Is he maligned from out of the Middlemarch universe too?

I'm reading it right now for the first time in English in my dotage and enjoying it greatly, and much more than I ever remembered in my first (in translation) run and I don't see, so far, a condemnation of Casaubon in the authorial voice, and not universally so from all the characters either (Mr Cadwallader has pretty good things to say about him, and Uncle Brooks is just baffled by Dorothea's not conforming to his (generally correct) notions of "what women want").

I'm not sure how he positions as an object in the wider ecosystem of British novel consumers (taking into account the endlessly unexplainable fixation of the chick lit sphere with Mr Darcy, probably low) but ultimately I think it's just all did to the fact that he's written (obviously not explicitly) as "not sexy".

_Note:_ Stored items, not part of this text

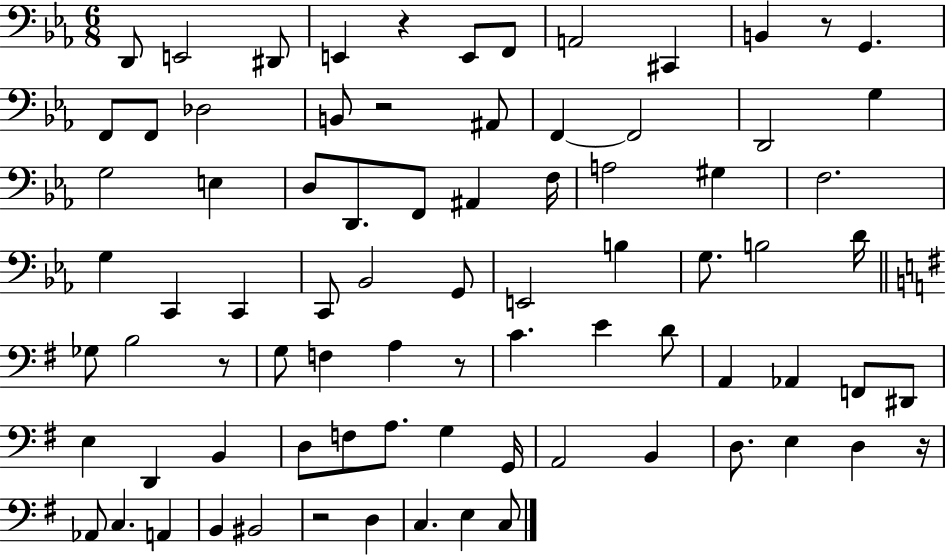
{
  \clef bass
  \numericTimeSignature
  \time 6/8
  \key ees \major
  d,8 e,2 dis,8 | e,4 r4 e,8 f,8 | a,2 cis,4 | b,4 r8 g,4. | \break f,8 f,8 des2 | b,8 r2 ais,8 | f,4~~ f,2 | d,2 g4 | \break g2 e4 | d8 d,8. f,8 ais,4 f16 | a2 gis4 | f2. | \break g4 c,4 c,4 | c,8 bes,2 g,8 | e,2 b4 | g8. b2 d'16 | \break \bar "||" \break \key e \minor ges8 b2 r8 | g8 f4 a4 r8 | c'4. e'4 d'8 | a,4 aes,4 f,8 dis,8 | \break e4 d,4 b,4 | d8 f8 a8. g4 g,16 | a,2 b,4 | d8. e4 d4 r16 | \break aes,8 c4. a,4 | b,4 bis,2 | r2 d4 | c4. e4 c8 | \break \bar "|."
}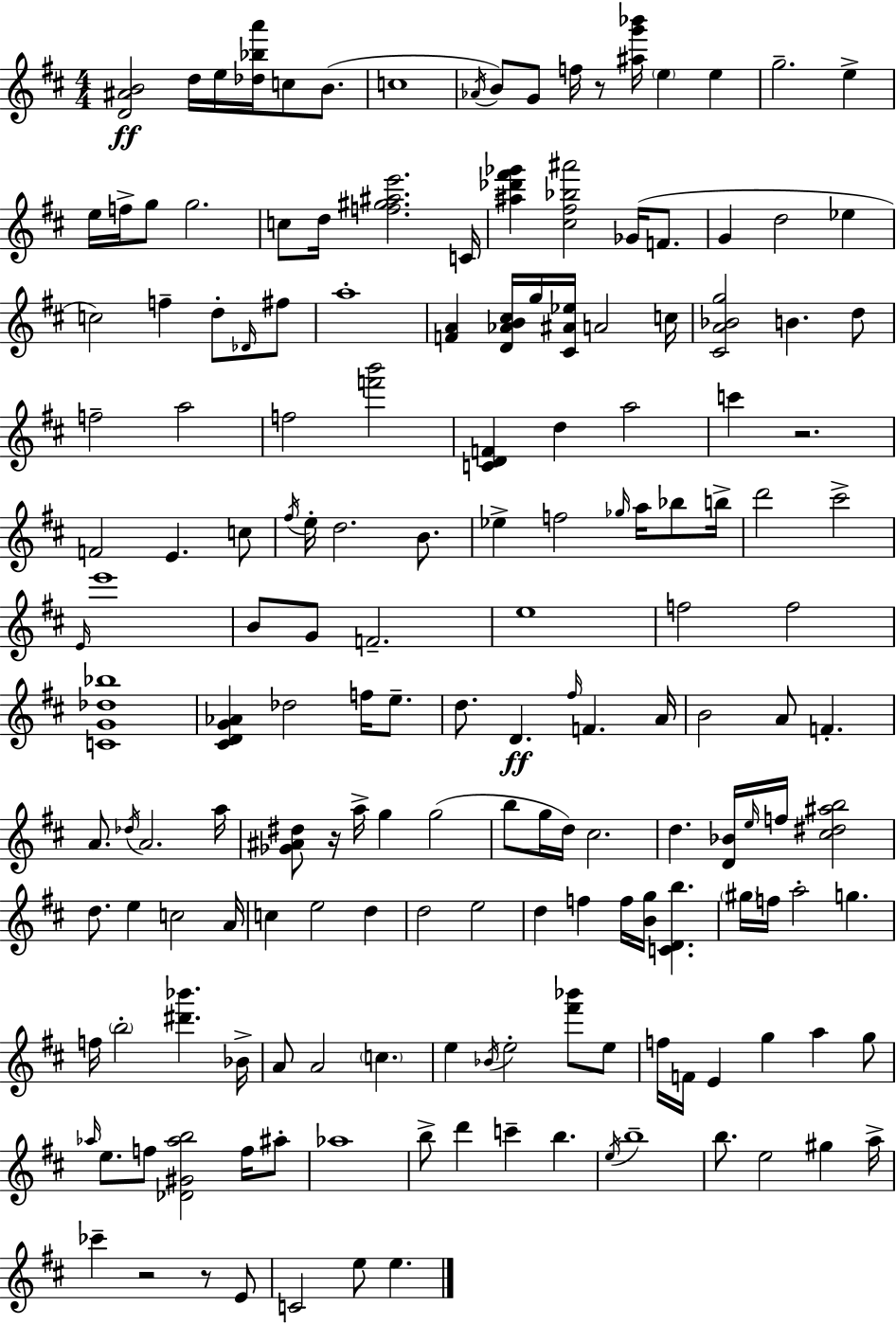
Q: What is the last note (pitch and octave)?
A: E5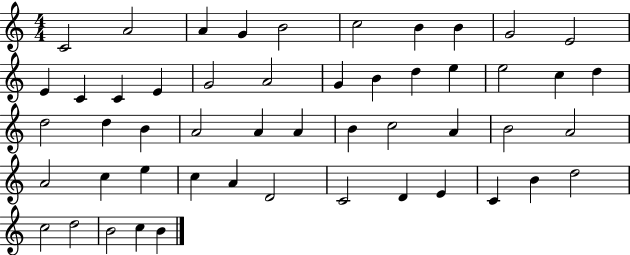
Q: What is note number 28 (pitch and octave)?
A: A4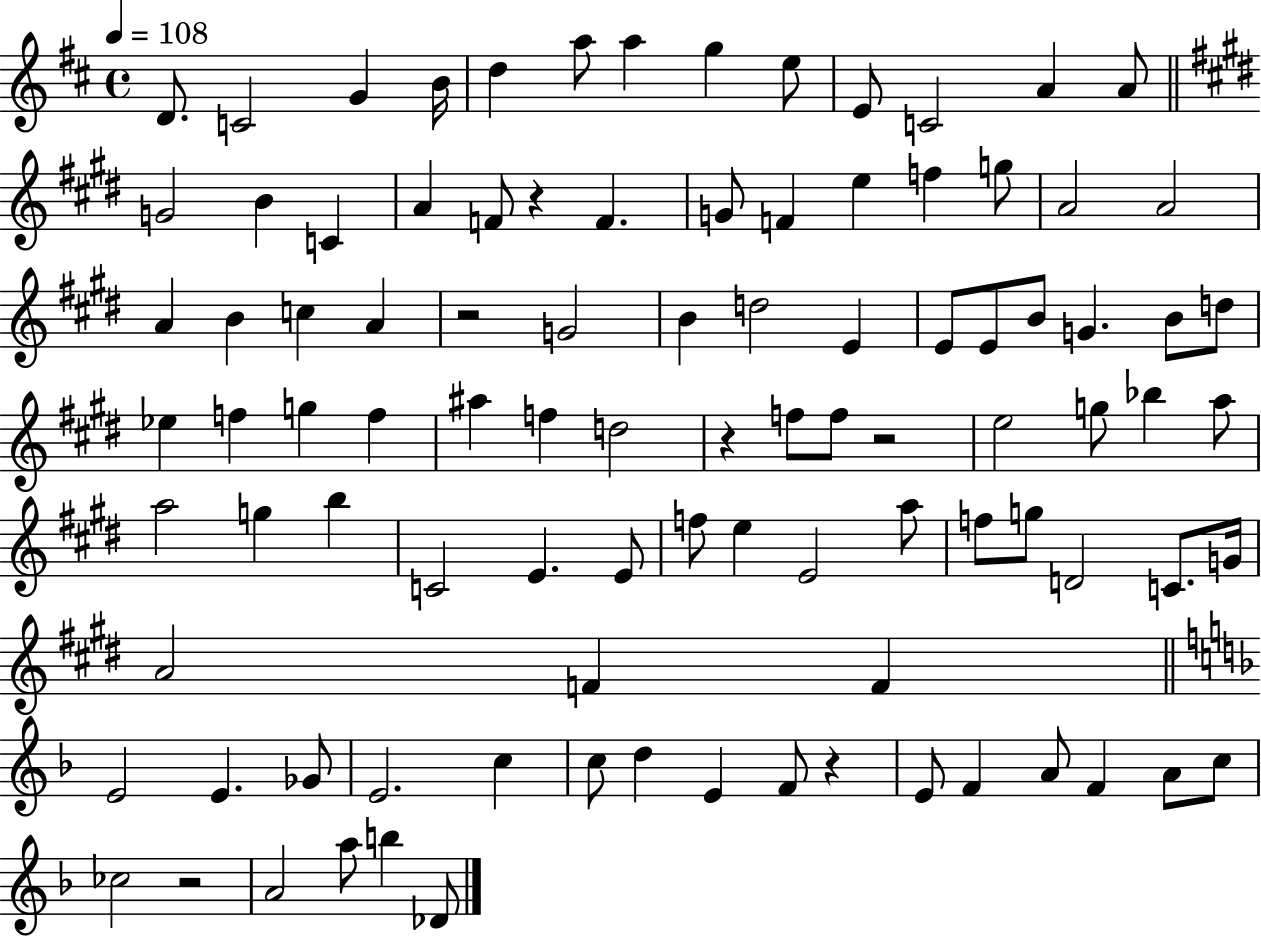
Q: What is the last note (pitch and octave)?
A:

But all that said, I think Casaubon is forever marked a failure not even because of any of that. Arguably, not even because of his frequently hinted at impotence (Lowick? Cmon!) and sexual rejection of D's vitality. He's a failure because he's a fundamental disappointment to Dorothea IN TERMS OF HER OWN EXPECTATIONS (however naive and unworldly they might have been): his is not the amazingly accomplished esoteric scholarship that she was hoping for, but a claustrophobic maze of (possibly slightly deranged) speculation. Dorothea wished to be part of something bigger than herself, happy and willing to submit to True Greatness, and she finds herself doing a work of mercy, if not outright pity for a man living out a life of deluded intellectual ambition, not genuine accomplishment.